Free Berkley Radio was also keen to offer help in the form of a radio transmitter!
But the real culprit here, is the law which disallows the citizen from having a right to express himself via the airwaves. Strange for a country which has a large and free press, which allowed cable TV to grow unregulated, and now has a few hundred TV channels all largely uncontrolled.
Some voiced the view that the authorities needed to be convinced that they wouldn't end up in trouble. But, the counter view is that there are countries with far more precarious situations to cope with than India. Also, it is futile to presume, in advance, that the citizen will break the law. Like in the case of the press, community radio if guilty of breaking the law could also be dealt with as and when the situation arose.
Vicram Crisna pointed out how the TRAI (Telecom Regulatory Authority of India) had undertaken the exercise of holding public consultations, and then handed in its submissions over the issue. But politicians and policy planners were saying it was too "sensitive" to take a decision, and were simply delaying on this.
Bangladesh -- after a long stint of advocacy -- has a draft broadcasting act in place. It proposed a three-tier broadcasting system, with public service broadcasters, commercial broadcasters and community radio.
Side by side, the country has worked out a national frequency allocation plan, with its preparatory process funded by the World Bank, according to AHM Bazlur Rahman.
There are some positive signs here, but going by the experience of the subcontinent one can only be optimistic once the law is passed, and the stations get going into transmissions.
Citizen band radio -- walkie-talkie to walkie-talkie solutions -- are offered with equipment having a five km range. This has helped in the world of disaster preparedness.

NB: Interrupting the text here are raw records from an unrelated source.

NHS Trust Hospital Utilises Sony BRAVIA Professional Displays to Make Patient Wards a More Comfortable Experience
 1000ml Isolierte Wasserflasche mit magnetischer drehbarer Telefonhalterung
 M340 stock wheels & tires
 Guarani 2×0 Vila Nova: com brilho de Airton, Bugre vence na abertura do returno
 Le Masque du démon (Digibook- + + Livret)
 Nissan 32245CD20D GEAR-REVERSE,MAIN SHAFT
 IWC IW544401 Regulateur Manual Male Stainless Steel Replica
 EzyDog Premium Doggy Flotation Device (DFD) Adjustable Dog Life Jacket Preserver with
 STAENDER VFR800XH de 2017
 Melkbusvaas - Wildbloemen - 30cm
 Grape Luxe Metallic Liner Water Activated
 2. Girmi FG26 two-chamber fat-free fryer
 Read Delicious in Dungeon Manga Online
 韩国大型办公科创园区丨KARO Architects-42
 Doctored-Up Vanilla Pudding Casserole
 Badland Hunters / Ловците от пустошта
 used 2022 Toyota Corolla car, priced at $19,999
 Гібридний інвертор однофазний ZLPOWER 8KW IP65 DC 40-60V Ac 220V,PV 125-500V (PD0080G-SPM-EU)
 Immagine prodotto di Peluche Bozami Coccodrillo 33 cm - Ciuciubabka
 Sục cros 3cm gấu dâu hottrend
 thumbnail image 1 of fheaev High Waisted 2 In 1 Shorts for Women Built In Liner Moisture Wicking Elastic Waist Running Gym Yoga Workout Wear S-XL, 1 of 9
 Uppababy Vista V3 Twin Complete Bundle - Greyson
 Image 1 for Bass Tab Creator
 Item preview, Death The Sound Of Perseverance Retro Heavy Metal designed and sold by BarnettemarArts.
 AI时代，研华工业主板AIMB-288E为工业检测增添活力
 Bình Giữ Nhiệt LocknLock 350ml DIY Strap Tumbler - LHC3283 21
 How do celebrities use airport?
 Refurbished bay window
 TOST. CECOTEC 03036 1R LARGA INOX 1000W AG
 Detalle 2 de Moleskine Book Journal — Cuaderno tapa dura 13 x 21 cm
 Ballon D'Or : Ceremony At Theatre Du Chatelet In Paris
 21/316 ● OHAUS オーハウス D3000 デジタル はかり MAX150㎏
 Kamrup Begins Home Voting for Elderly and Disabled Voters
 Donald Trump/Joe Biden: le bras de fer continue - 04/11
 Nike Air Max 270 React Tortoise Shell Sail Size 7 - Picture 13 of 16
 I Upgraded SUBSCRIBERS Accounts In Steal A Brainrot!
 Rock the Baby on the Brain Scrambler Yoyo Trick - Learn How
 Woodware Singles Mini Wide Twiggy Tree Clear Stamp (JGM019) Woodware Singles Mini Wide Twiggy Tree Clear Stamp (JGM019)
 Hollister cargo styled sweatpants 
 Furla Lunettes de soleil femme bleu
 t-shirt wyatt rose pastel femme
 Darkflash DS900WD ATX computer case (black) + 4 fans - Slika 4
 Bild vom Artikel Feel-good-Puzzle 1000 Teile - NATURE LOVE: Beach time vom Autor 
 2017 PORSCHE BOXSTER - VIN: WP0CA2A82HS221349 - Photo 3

Nepal has been the sole exception in South Asia. In the past though. Its Radio Sagarmatha became the first community radio station to be allowed in the sub-continent, when it came up in the late 'nineties.
But these are changing times. Since the crisis in that Himalayan country in early 2005, the king seizure of power has lead to pressures on radio. Photos depicted how armymen were camping in Radio Sagarmatha, and the community stations were ordered to play only entertainment music, and not broadcast any talk -- not even health -- after the palace coup.